Mlliyet Milliyet Blog Milliyet Blog
 
Facebook Connect
Blog Kategorileri
 

15 Eylül '10

 
Kategori
Güncel
 

Referandum mu? Yuharandum mu?

Referandum çoğunun beklediğinin tam tersine “Sak üstünde damsağan kaz beline vurmayı!” şeklinde olmuştur.

Bu sebeple anlaşılması için mutlaka bu cümlenin deşifre edilmeye ihtiyacı vardır. Elimizden geldiğince, aklımız yettiğince, dilimiz döndüğünce, anlaşılır temennisi ile deşifre etmeye çalışalım

01. Öncelikle referanduma iştirak nispeti %78 gibi Türkiye için güçlü bir orandaydı.

02. Geçersiz oy %2 bile değildi. Ancak medeni ülkelerde bu çok büyük bir orandır.

03. Ortada elle tutulur polisiye bir olay olmaması, son derecede sevindiricidir.

04. Doğu ve Güney Doğuda, nüfusun çoğu mevsimsel işçilik sebebi ile başka illerde olduğu için, BDP boykotu, silâhlı tehdide rağmen, esasen çıkabileceği oy düzenine çok yakın çıktığından; iki nokta hariç, bu yörede BDP gücünün ağır bir oranda halk tarafından tanınmadığına işaret etti. Bu durum BDP’nin siyasi tutumunu ciddi şekilde gözden geçirmesini gerektirecektir. Bu gidişi ile seneye seçimlerden grup kurabilecek bir güçle çıkması ihtimâli bile, hayâl olabilir. BDP şunu anlamalıdır ki; Bu günlerde hem gittiği yol gidilecek bir yol değildir. Hem de kullandığı zor kendi oyununu bozacak niteliktedir.

05. Referandumun en yaramadığı parti tabii MHP olmuş, bu parti en güçlü olduğu yörelerde bile, beklenen sesi getirememiştir. MHP tabanı tavanına “-Sen parçalayan bölen ve tamamen paranoyadan başka bir şey olmayan, bu kafayı değiştirmezsen, ben taraf değiştiririm. Hiçbir gerçeğe dayalı olmayan, bir korku üretme. Onun yerine fikir üret de; ben de Senin tarafında olmakla bir katma değer kazanayım.” demiştir. Buna rağmen, MHP Başkanının ilk beyanatı, bu mesajın alınamadığı, anlaşılamadığı gerçeğini maalesef ortaya koymuştur. Benim MHP ve de bütün partilere acizane tavsiyem, sonraki başkanlarını evli ve çocuklu namzetler arasından seçmeleridir.

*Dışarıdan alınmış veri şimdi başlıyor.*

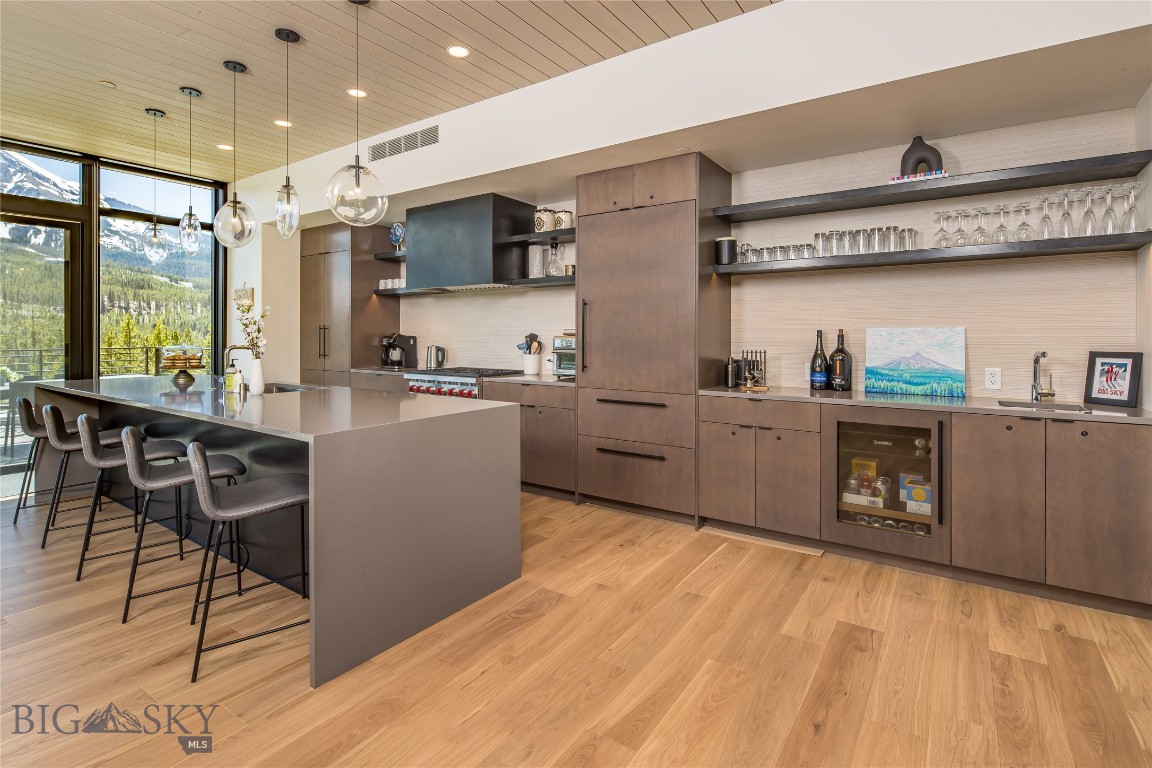 LakeLodge Residences - Residential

06. Bu referandumun neticesinde, CHP göreceli olarak, kayıp ağırlıklı kazanç görünümlü bir yerlerde durmaktadır. Bunun da sebebi: CHP seçmeninin inatla takım tutar gibi, parti tutmasından kaynaklanmaktadır. Ancak bu referandum bugün tekrarlansa, CHP seçmeninden bazılarının, yön değiştirdiğini bile görebiliriz. Buna rağmen CHP, bu referandumdan şayet büyük dersler çıkartamazsa, daha çok uzun bir süre ve ne yazıktır ki, CHP’ye ümit bağlamak, hiç yerinde olmayacaktır. Oysa, Türkiye’de çok ciddi bir muhalefet boşluğu vardır. Ve bu muhalefet boşluğu, bu seçimlerde de kapanmayacak olursa; neticesi hem AKP hem de Türkiye ve Türk demokrasisi için hiç iyi olmayacaktır. Zîra çift kefeli demokrasi terazisi, karşı ağırlıksız olarak, bu sıklete daha fazla dayanamaz.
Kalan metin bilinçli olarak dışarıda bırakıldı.